Knowledge graphs represent factual knowledge about the world as relationships between concepts and are critical for intelligent decision making in enterprise applications. New knowledge is inferred from the existing facts in the knowledge graphs by encoding the concepts and relations into low-dimensional feature vector representations. The most effective representations for this task, called Knowledge Graph Embeddings (KGE), are learned through neural network architectures. Due to their impressive predictive performance, they are increasingly used in high-impact domains like healthcare, finance and education. However, are the black-box KGE models adversarially robust for use in domains with high stakes? This thesis argues that state-of-the-art KGE models are vulnerable to data poisoning attacks, that is, their predictive performance can be degraded by systematically crafted perturbations to the training knowledge graph. To support this argument, two novel data poisoning attacks are proposed that craft input deletions or additions at training time to subvert the learned model's performance at inference time. These adversarial attacks target the task of predicting the missing facts in knowledge graphs using KGE models, and the evaluation shows that the simpler attacks are competitive with or outperform the computationally expensive ones. The thesis contributions not only highlight and provide an opportunity to fix the security vulnerabilities of KGE models, but also help to understand the black-box predictive behaviour of KGE models.

Poisoning Knowledge Graph Embeddings via Relation Inference Patterns

We study the problem of generating data poisoning attacks against Knowledge Graph Embedding (KGE) models for the task of link prediction in knowledge graphs.
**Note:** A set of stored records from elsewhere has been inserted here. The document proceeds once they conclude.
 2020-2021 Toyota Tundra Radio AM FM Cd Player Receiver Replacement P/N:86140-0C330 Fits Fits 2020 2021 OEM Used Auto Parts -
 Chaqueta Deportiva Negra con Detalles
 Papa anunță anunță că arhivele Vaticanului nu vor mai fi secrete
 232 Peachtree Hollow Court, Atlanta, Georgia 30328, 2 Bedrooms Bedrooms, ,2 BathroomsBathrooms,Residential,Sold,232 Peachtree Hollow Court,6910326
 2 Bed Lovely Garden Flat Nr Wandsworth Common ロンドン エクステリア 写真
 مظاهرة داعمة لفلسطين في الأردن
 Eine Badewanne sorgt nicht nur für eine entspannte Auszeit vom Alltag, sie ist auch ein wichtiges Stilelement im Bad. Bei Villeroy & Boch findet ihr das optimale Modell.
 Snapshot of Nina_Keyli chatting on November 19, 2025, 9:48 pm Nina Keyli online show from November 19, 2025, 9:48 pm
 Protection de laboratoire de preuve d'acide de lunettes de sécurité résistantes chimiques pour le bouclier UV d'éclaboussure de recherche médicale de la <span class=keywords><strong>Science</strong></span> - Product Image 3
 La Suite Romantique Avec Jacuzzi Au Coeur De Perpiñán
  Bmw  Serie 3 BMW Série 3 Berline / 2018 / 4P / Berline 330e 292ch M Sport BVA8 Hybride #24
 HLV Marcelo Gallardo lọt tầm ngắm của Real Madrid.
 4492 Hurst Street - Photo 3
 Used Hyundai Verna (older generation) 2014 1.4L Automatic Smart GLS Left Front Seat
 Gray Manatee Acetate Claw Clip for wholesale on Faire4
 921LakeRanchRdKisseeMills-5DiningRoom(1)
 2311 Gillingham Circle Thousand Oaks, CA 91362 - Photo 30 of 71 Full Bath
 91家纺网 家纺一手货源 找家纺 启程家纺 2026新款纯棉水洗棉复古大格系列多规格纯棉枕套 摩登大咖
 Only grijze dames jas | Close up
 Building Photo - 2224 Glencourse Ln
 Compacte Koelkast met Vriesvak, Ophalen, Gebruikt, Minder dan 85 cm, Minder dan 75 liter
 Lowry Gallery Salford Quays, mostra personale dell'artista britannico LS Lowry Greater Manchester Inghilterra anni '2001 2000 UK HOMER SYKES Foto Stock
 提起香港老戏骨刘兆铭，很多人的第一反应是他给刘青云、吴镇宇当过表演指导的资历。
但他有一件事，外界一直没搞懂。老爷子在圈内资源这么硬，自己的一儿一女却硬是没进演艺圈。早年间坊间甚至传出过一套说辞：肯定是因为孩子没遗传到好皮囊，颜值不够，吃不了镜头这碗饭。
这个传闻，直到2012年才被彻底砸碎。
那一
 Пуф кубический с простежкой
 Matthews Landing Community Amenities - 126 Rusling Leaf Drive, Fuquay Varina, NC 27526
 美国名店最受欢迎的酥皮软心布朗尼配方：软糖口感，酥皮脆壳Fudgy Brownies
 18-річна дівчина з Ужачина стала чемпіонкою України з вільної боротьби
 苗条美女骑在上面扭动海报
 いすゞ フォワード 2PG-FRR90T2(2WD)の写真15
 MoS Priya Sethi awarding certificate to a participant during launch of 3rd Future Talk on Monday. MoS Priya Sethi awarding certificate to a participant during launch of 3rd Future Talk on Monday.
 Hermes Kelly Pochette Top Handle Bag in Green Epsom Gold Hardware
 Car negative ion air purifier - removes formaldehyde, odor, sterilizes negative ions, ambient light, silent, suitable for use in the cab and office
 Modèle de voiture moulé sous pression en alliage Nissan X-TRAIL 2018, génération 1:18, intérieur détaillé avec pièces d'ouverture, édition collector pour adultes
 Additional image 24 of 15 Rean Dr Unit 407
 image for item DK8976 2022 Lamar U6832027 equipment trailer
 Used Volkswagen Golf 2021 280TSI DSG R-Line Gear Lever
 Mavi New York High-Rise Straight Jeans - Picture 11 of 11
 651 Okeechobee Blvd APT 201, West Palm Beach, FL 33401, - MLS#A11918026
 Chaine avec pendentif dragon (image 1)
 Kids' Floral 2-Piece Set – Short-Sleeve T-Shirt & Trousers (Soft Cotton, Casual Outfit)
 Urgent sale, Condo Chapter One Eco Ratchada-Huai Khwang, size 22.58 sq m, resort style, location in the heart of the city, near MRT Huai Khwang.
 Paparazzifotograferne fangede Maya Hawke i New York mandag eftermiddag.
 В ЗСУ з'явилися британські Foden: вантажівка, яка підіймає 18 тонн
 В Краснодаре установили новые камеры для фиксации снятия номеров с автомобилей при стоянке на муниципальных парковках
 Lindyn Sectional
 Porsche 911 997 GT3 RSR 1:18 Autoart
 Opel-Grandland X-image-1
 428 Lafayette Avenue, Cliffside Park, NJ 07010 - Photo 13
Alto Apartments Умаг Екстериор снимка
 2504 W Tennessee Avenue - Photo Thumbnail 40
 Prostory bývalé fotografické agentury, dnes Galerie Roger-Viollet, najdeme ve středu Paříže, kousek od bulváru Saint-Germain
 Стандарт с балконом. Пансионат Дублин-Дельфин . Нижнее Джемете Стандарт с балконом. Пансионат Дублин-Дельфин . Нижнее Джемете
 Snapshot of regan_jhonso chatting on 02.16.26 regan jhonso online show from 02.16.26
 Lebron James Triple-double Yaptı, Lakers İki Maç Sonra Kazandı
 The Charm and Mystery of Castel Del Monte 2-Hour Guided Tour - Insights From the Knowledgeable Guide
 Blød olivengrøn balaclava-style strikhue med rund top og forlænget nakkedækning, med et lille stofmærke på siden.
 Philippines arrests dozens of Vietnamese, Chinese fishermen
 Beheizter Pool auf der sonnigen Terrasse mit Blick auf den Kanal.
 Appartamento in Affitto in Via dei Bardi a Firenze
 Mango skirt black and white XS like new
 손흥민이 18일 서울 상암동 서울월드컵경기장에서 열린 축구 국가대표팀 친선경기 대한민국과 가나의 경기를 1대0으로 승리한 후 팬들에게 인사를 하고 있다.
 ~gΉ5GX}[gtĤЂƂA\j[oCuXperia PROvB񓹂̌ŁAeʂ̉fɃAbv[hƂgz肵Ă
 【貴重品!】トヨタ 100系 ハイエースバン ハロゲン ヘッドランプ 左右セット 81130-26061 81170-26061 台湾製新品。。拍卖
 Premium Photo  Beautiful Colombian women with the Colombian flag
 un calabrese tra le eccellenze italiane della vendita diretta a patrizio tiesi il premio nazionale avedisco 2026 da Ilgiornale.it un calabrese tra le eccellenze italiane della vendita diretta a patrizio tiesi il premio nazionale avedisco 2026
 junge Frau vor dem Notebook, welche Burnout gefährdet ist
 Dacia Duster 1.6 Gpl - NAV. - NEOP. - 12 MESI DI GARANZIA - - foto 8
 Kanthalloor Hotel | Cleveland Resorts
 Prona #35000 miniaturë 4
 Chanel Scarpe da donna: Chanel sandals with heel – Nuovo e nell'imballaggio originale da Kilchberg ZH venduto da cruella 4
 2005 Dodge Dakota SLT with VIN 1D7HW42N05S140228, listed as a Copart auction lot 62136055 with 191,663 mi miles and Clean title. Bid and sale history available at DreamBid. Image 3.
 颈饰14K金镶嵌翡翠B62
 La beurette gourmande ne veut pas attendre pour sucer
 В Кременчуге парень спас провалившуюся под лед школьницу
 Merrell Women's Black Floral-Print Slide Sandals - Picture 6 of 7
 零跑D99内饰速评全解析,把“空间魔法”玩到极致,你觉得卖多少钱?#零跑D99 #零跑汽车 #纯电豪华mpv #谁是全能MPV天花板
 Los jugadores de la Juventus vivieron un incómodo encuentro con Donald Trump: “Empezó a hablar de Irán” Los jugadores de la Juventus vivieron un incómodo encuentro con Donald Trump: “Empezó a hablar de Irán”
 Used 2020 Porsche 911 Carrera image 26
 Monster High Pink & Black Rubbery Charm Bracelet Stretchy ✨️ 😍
To poison KGE models, we propose to exploit their inductive abilities which are captured through the relationship patterns like symmetry, inversion and composition in the knowledge graph. Specifically, to degrade the model's prediction confidence on target facts, we propose to improve the model's prediction confidence on a set of decoy facts. Thus, we craft adversarial additions that can improve the model's prediction confidence on decoy facts through different inference patterns. Our experiments demonstrate that the proposed poisoning attacks outperform state-of-art baselines on four KGE models for two publicly available datasets. We also find that the symmetry pattern based attacks generalize across all model-dataset combinations which indicates the sensitivity of KGE models to this pattern.

Adversarial Attacks on Knowledge Graph Embeddings via Instance Attribution Methods

Despite the widespread use of Knowledge Graph Embeddings (KGE), little is known about the security vulnerabilities that might disrupt their intended behaviour. We study data poisoning attacks against KGE models for link prediction. These attacks craft adversarial additions or deletions at training time to cause model failure at test time. To select adversarial deletions, we propose to use the model-agnostic instance attribution methods from Interpretable Machine Learning, which identify the training instances that are most influential to a neural model's predictions on test instances. We use these influential triples as adversarial deletions. We further propose a heuristic method to replace one of the two entities in each influential triple to generate adversarial additions. Our experiments show that the proposed strategies outperform the state-of-art data poisoning attacks on KGE models and improve the MRR degradation due to the attacks by up to 62% over the baselines.